Une recherche de 2016 publiée dans la revue en ligne BMJ Open révélait que les femmes, au niveau mondial, boivent désormais presque autant que les hommes. Ici aussi les enquêtes de l'Institut National de Prévention et d'Education en Santé le confirment : en France, entre 2010 et 2014 le taux d'ivresses régulières chez les femmes a doublé alors qu'il est resté stable chez les hommes. Mais pourquoi les femmes sont-elles plus susceptibles d'éprouver de la honte et des regrets après une soirée bien arrosée ?
Selon l'historien David W. Gutzke, 70 % des femmes britanniques affirmaient s'abstenir de boire de l'alcool en 1960. Ce n'est que dans les années 1990, avec l'essor de la culture dance music et l'adoption par le Royaume-Uni de ce que l'Institute of Alcohol Studies appelle la "féminisation évidente des produits alcoolisés, des espaces de consommation et de la culture de la boisson", que les femmes ont vraiment commencé à faire la fête avec les hommes.
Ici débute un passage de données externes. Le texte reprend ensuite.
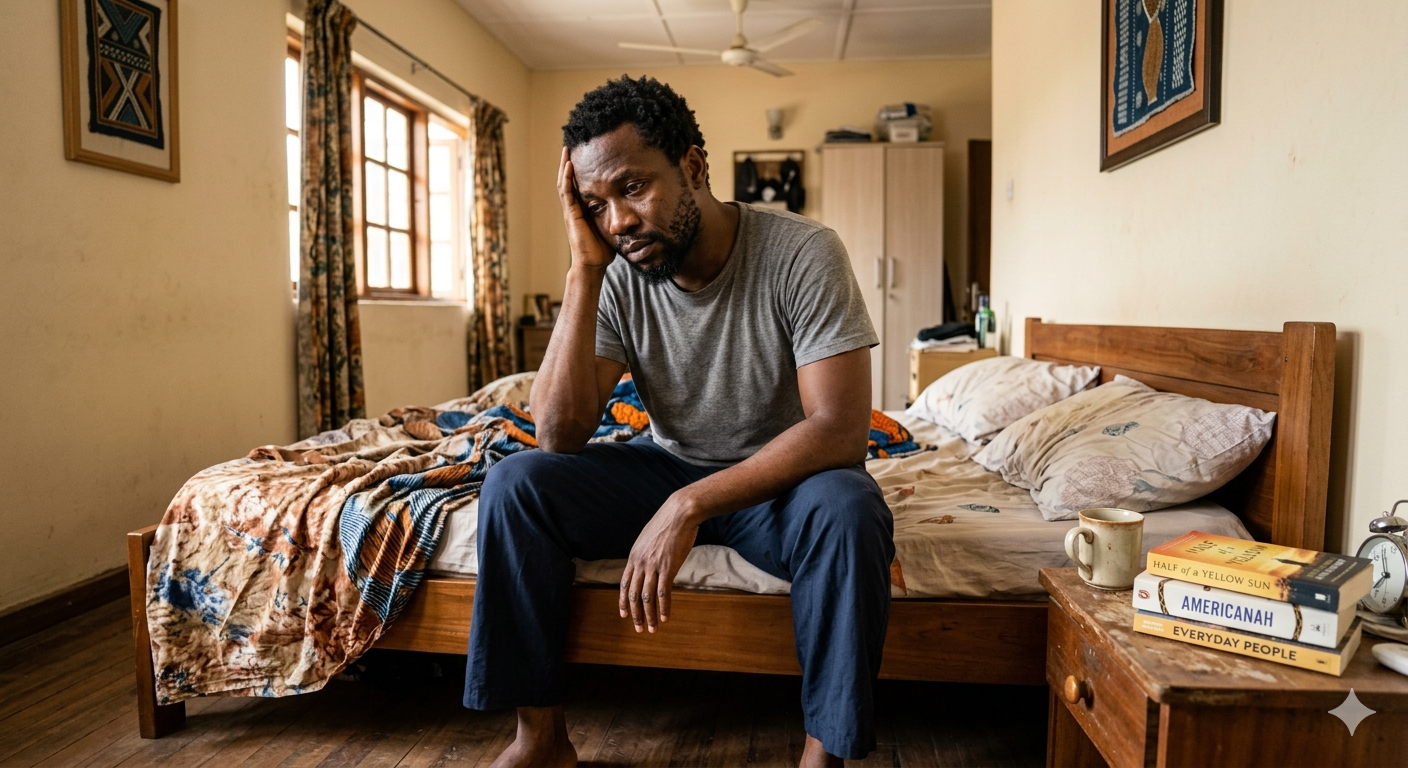 Papa Amaka Prostate Care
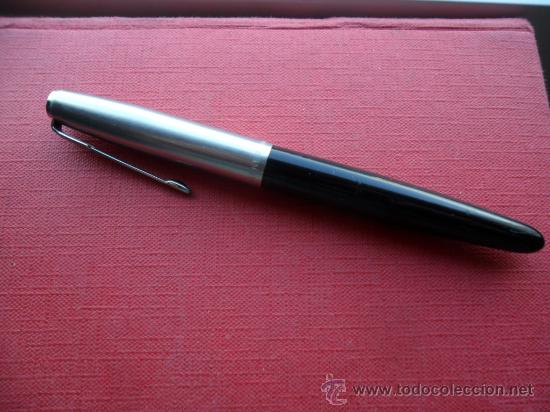 Plumas estilogr&aacute;ficas antiguas: PLUMA PARKER 21 USA - Foto 1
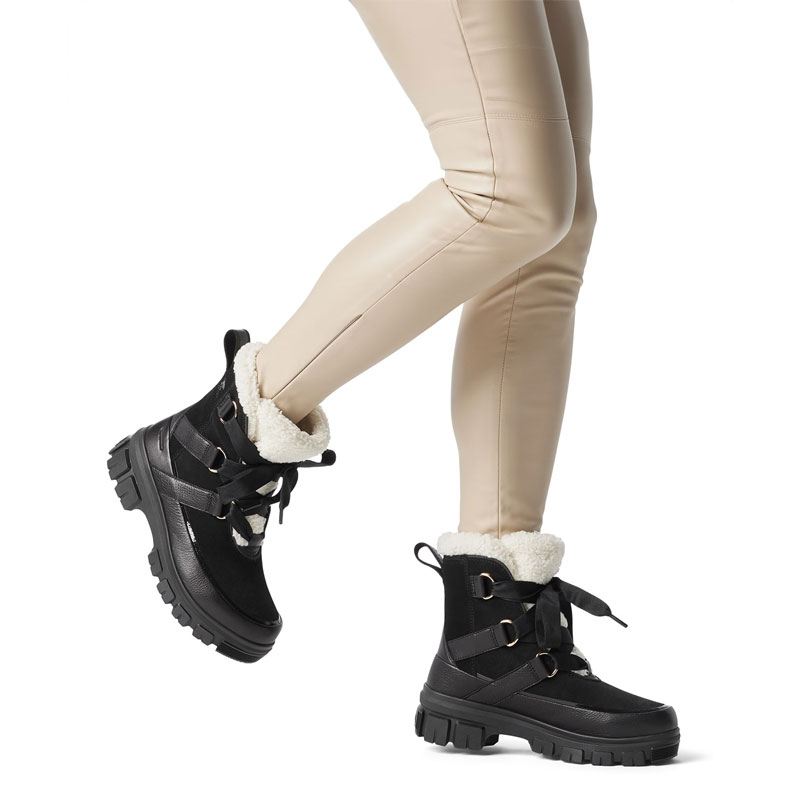 SOREL（ソレル） スノーブーツ レディース ティボリ5 リゾート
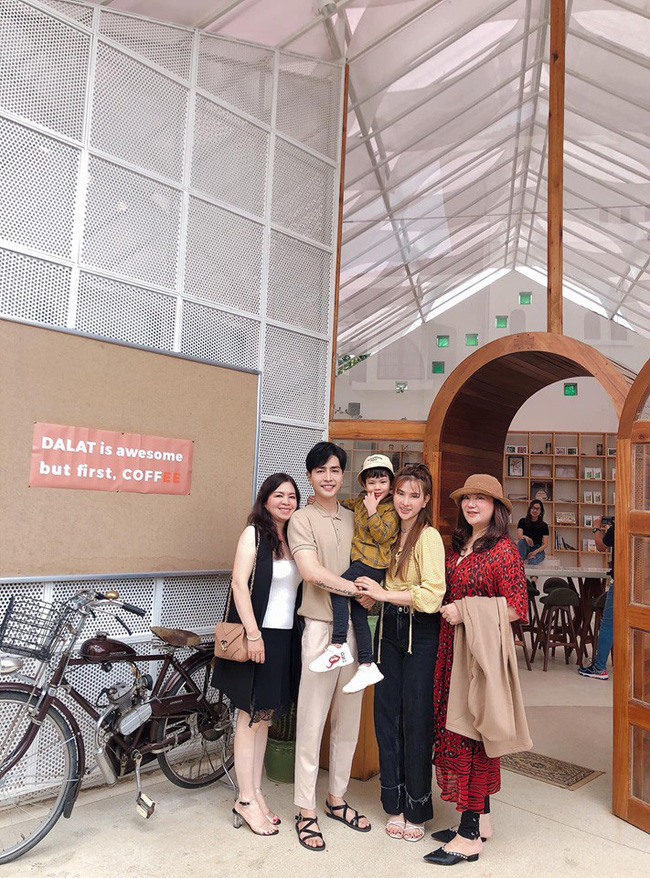 Thu Thủy lại đăng đàn chứng minh gia đình hạnh phúc, bất ngờ nhất là phản ứng của chồng trẻ-3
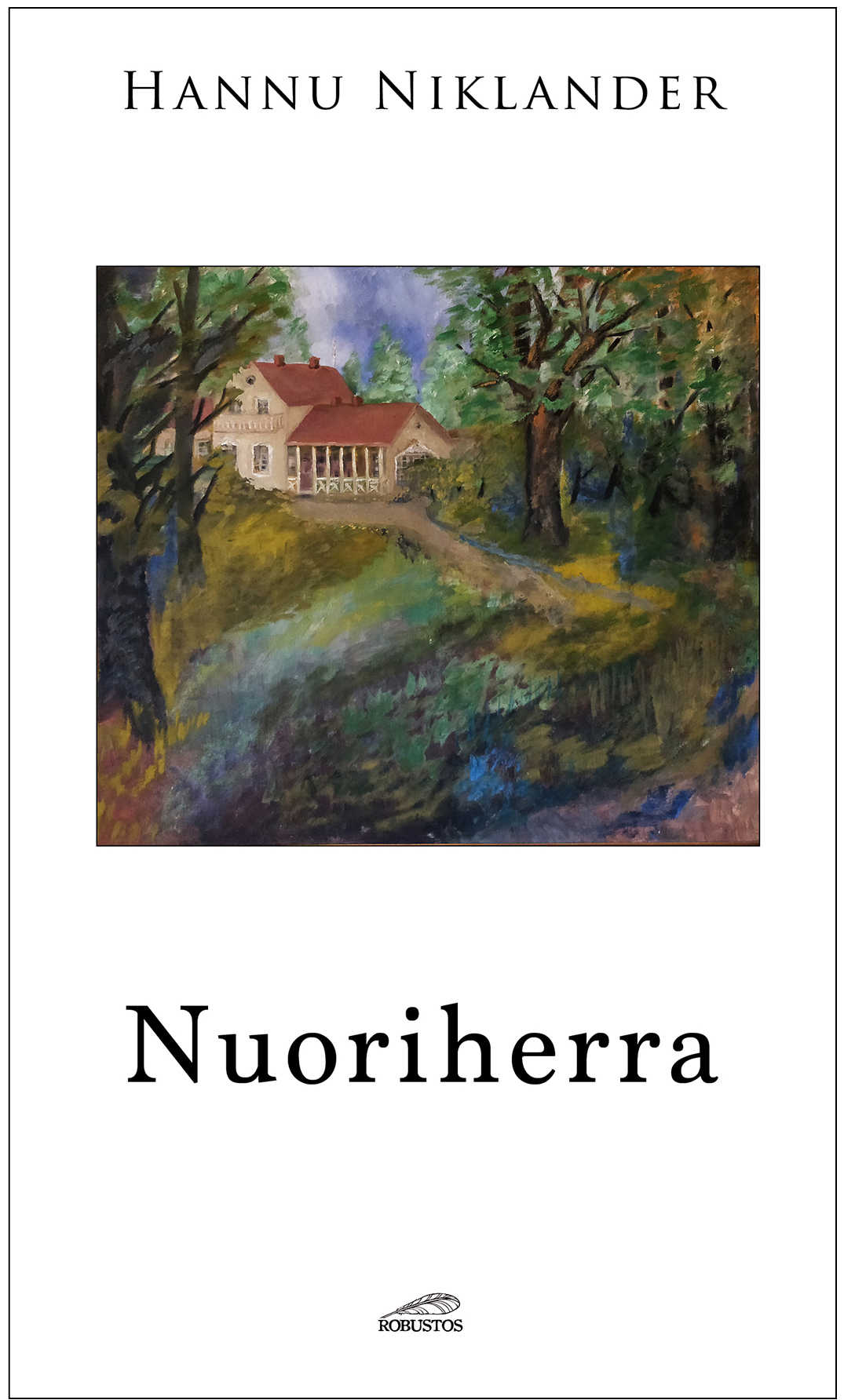Hannu Niklander: Nuoriherra
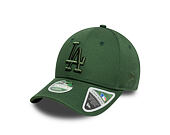 Kinder Kappe New Era - MLB Seasonal 9FORTY M-CROWN - LA Dodgers - Cilantro Green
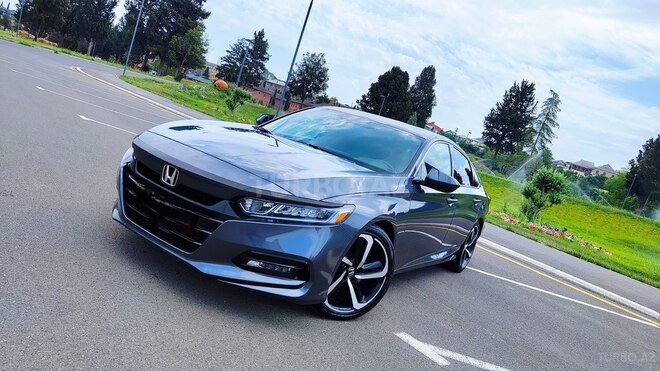Honda Accord 2018, 184,000 km - 2.0 l - Gəncə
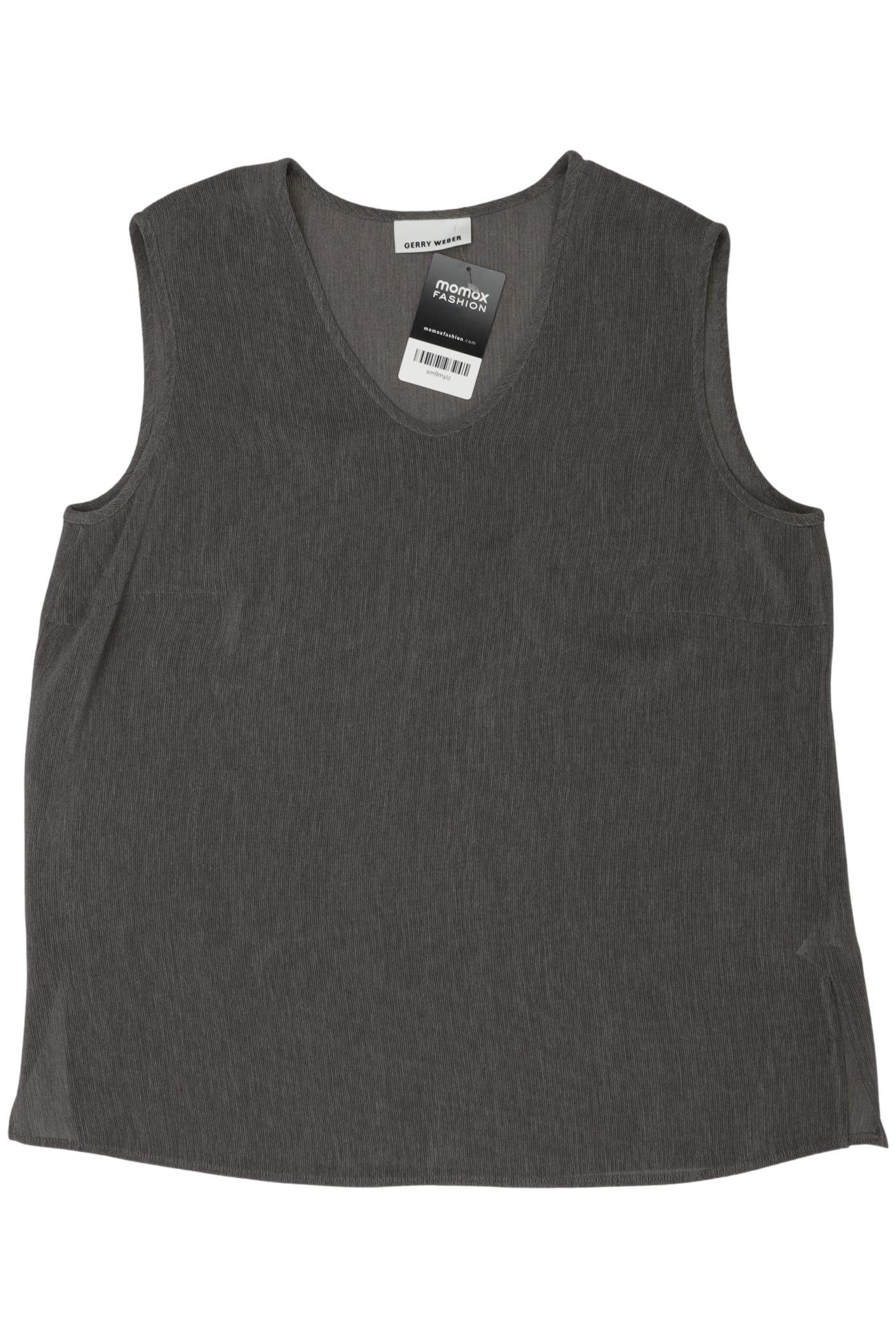 

Gerry Weber Damen Top, grau, Gr. 42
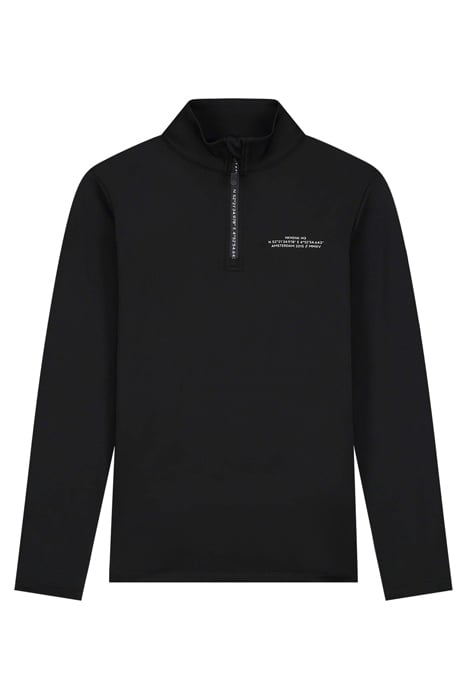 JULIEN SKI PULLY BLACK 1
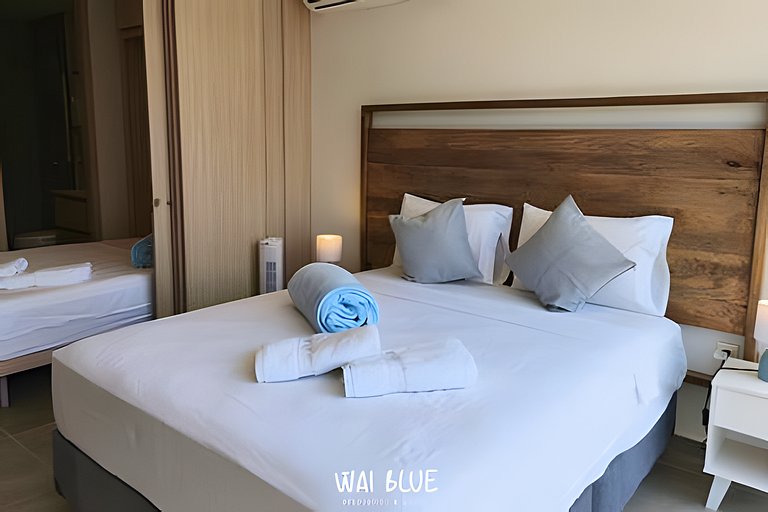 Wai Blue/Salguero Suites /Vista Sierra/Loft/SSL22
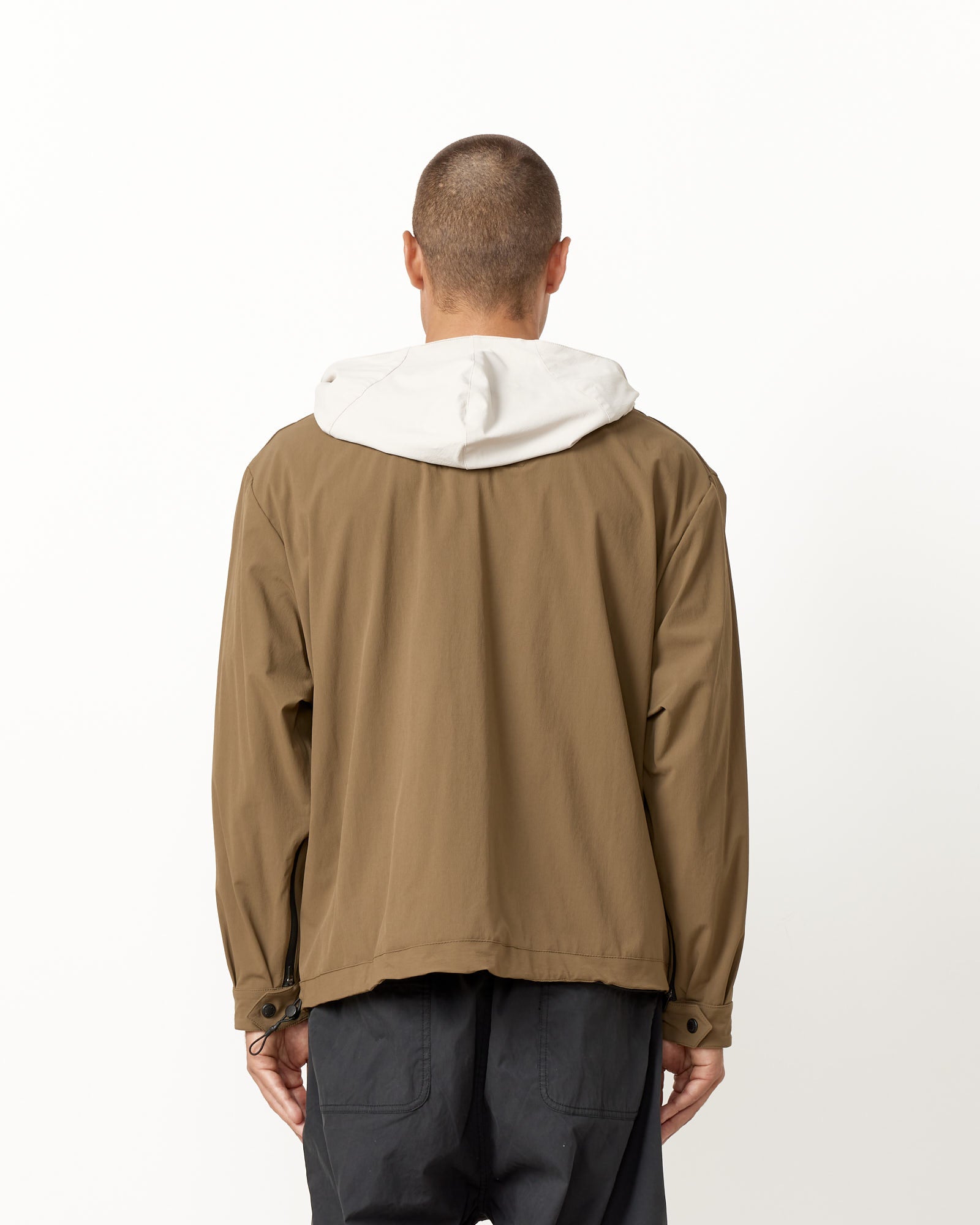 Muchacarne Friedman Anorak - Khaki / M (253498)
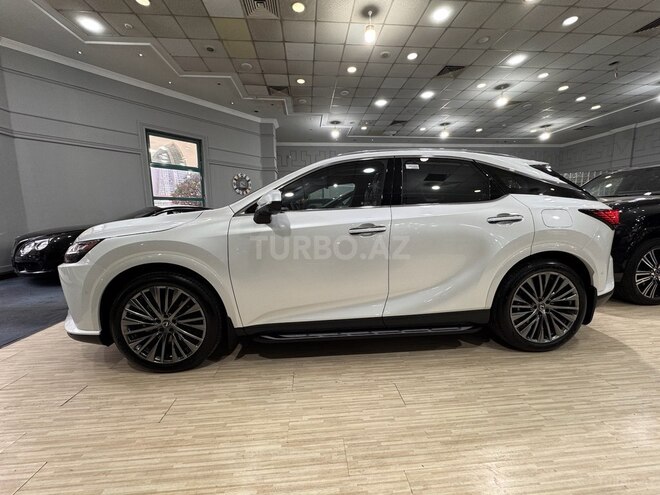 Lexus RX 350h-4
Karine Gallopel-Morvan, professeure des universités, spécialisée en marketing social à l'Ecole des hautes études en santé publique (EHESP) se fait l'écho de cette idée dans un article Libération et estime qu'il y a eu une accélération du phénomène ces dix dernières années : "[...]j'ai le sentiment qu'il y a une accélération [de la stratégie marketing visant à séduire les femmes par l’industrie de l’alcool] depuis une dizaine d'années avec l'affaiblissement de la loi Evin dû au lobbying intense de l'industrie de l'alcool".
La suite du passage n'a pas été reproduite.